Riverdale Season 1 Episode 2 – TV Review
It’s comforting to see Riverdale is consistent in exploiting Archie’s sexiness.
Because it sure as hell isn’t consistent in establishing Betty and Veronica’s relationship.
TL;DR Betty and Veronica go back and forth several times between being friends and frenemies; they settle on friends; Cheryl struggles to push down her grief over Jason’s death; and is arrested; Jughead and Archie renew their bond; Archie decides to come clean about his affair with Sexy Teacher.
Aria and Ezra they ain’t.
So we’ll get the Betty and Veronica stuff out of the way first, because it is so exhausting. So after the Seven Minutes in Heaven-related disaster between them last episode, they tentatively decide to bury the hatchet and be friends. But then Betty wacks out and blames Veronica for blowing up her imagined relationship bubble with Archie (which, like, Veronica did do) and hangs out with Cheryl to spite her. But then that goes south, and Betty witnesses Veronica being kind to Cheryl later on, and they decide to be best girl friends and not let a boy come between them. Except Archie, obviously. Betty’s attempt at friendship with Cheryl goes badly because Cheryl is a little too aggressive in her interrogations about Jason’s death (she assumes Polly, or Polly’s family, were involved), and Betty, too, is weirdly aggressive in her denial. Cheryl later breaks down when the realisation that Jason is dead hits her (after a smokin’ cheer performance, backed up by Josie and the Pussycats), and Veronica lends her a sympathetic shoulder. Meanwhile, Jughead discovers Archie and Sexy Teacher’s affair, and urges his former friend to tell the truth about hearing the gunshot. Archie does some soul searching, and despite Sexy Teacher’s best cock-teasing efforts, he chooses to fess up. But a sudden arrest of Cheryl, following new evidence that Jason died a week after the 4 July boating accident, interrupts him. Archie and Jughead patch things up, though. Elsewhere, Veronica’s mum, Hermione, takes on a menial waitress job; Betty’s parents are apparently journalists and her mum continues to be a raging bastard; and Kevin dumps Moose.
Kevin is also the sheriff’s son, and Josie is the mayor’s daughter. Riverdale is a small town.
I gave last week a pass because it was a pilot, and I’m going to extend this episode the same courtesy. Because the first episode after a pilot can be just as hard (unless you’re Gossip Girl, because The Wild Brunch is divine).
But this episode is brimming with inconsistency. And you can’t have a mystery show that’s inconsistent. Because then the audience won’t be able to make reasonable deductions on the answers to the mystery, which drains it of all its power.
You know. Like Scream Queens.
Why I hate this episode:
Yes, the inconsistency is frustrating. But just to be clear, Riverdale is nowhere near the stink pile that was Scream Queens.

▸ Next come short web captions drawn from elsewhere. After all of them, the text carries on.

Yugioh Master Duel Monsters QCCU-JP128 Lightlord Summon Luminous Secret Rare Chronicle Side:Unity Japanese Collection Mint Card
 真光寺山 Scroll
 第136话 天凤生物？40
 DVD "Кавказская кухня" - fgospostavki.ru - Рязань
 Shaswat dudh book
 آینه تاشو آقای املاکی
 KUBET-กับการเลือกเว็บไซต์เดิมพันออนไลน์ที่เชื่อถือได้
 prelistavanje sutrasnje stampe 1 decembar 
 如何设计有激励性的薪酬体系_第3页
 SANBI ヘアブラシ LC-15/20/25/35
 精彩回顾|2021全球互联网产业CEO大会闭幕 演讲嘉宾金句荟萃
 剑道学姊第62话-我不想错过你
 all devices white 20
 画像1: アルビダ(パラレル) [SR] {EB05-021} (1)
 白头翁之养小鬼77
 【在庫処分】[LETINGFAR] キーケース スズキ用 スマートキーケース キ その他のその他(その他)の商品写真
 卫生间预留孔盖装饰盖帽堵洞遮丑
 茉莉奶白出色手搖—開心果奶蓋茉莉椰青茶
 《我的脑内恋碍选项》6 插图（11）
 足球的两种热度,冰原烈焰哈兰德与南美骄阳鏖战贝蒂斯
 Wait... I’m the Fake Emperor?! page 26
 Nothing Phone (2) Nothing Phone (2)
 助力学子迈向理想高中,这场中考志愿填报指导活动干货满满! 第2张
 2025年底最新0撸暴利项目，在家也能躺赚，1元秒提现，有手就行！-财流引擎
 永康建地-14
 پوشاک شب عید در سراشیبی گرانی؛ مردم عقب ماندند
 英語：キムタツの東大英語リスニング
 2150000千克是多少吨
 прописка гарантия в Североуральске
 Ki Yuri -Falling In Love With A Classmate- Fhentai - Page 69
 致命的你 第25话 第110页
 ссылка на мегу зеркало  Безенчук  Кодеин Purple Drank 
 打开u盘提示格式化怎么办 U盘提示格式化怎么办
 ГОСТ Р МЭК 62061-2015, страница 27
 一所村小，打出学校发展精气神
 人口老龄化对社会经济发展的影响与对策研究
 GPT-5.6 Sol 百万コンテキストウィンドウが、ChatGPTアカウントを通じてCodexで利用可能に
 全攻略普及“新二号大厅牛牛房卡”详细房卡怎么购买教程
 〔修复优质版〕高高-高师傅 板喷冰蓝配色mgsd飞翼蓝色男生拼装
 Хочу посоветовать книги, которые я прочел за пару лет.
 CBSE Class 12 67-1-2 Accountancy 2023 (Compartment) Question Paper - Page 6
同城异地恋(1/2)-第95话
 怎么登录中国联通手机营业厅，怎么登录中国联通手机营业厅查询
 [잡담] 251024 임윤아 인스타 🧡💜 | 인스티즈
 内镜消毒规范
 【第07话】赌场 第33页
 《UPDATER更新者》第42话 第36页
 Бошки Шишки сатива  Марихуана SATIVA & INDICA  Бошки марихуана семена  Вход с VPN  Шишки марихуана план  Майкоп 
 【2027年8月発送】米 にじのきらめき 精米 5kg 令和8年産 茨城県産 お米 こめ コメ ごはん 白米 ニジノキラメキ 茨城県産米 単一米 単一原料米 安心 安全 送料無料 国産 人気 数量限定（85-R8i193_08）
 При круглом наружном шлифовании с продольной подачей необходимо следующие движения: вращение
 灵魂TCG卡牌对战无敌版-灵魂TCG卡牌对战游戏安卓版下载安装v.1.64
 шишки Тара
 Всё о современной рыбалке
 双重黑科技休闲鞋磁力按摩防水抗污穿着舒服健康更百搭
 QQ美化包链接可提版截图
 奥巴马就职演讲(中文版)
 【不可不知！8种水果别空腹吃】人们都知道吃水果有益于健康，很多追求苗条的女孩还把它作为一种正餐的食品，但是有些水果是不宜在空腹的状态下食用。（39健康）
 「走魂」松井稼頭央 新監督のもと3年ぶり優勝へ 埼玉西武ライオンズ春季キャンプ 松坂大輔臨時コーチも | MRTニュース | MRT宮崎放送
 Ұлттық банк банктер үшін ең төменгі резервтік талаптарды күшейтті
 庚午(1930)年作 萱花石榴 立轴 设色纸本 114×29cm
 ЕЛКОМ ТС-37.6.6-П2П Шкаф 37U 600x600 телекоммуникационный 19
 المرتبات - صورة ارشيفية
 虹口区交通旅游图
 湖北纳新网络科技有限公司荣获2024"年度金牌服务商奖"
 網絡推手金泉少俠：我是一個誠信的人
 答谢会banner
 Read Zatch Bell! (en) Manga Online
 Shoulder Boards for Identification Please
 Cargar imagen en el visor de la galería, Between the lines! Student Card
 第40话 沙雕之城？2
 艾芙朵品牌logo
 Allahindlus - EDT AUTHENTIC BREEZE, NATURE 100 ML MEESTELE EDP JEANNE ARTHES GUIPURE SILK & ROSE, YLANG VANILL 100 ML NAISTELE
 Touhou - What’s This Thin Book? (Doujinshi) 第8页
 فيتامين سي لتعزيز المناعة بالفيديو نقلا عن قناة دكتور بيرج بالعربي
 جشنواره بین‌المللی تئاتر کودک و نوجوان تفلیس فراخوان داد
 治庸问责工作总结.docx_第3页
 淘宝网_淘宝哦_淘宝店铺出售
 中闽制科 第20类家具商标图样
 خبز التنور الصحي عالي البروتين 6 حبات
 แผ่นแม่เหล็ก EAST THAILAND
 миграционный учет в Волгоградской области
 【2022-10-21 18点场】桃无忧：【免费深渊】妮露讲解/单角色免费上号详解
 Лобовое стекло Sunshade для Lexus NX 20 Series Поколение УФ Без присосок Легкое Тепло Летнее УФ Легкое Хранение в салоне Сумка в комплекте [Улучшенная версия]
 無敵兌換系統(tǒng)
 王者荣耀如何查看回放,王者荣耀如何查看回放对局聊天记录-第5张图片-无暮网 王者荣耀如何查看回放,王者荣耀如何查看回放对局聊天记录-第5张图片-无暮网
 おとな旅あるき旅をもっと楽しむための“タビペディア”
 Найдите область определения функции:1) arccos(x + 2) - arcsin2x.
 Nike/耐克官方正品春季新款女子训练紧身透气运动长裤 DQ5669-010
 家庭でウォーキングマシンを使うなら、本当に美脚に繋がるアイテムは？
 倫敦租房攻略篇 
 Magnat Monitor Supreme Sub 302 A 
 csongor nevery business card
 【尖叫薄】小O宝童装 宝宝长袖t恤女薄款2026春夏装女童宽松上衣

The worst example of Riverdale’s wishy-washiness is the back-and-forth between Betty and Veronica. And I don’t trust that they’ve put it to bed. Because the very next moment after they make their resolution, Archie appears and the show clearly is implying he will come between them. Are Betty and Veronica friends in the comics? How?
Kevin is also a bizarrely specific example of Riverdale’s flip-flopping. He shuts Moose out for one and/or two reasons: 1) Moose is closeted/actually could be straight; and 2) Moose having a girlfriend, and Kevin, I suppose, not wanting to be a homewrecker. But just last episode, Kevin literally said “I love your closet case.” And he would have known about Moose’s girlfriend, too. What the fuck?
Betty starts the episode by ignoring Archie’s twat-teasing attempts to talk to her when he’s stressing out at night, but the very next morning she decides to bury the friend zone hatchet. Stick to your guns, girl. This is weak.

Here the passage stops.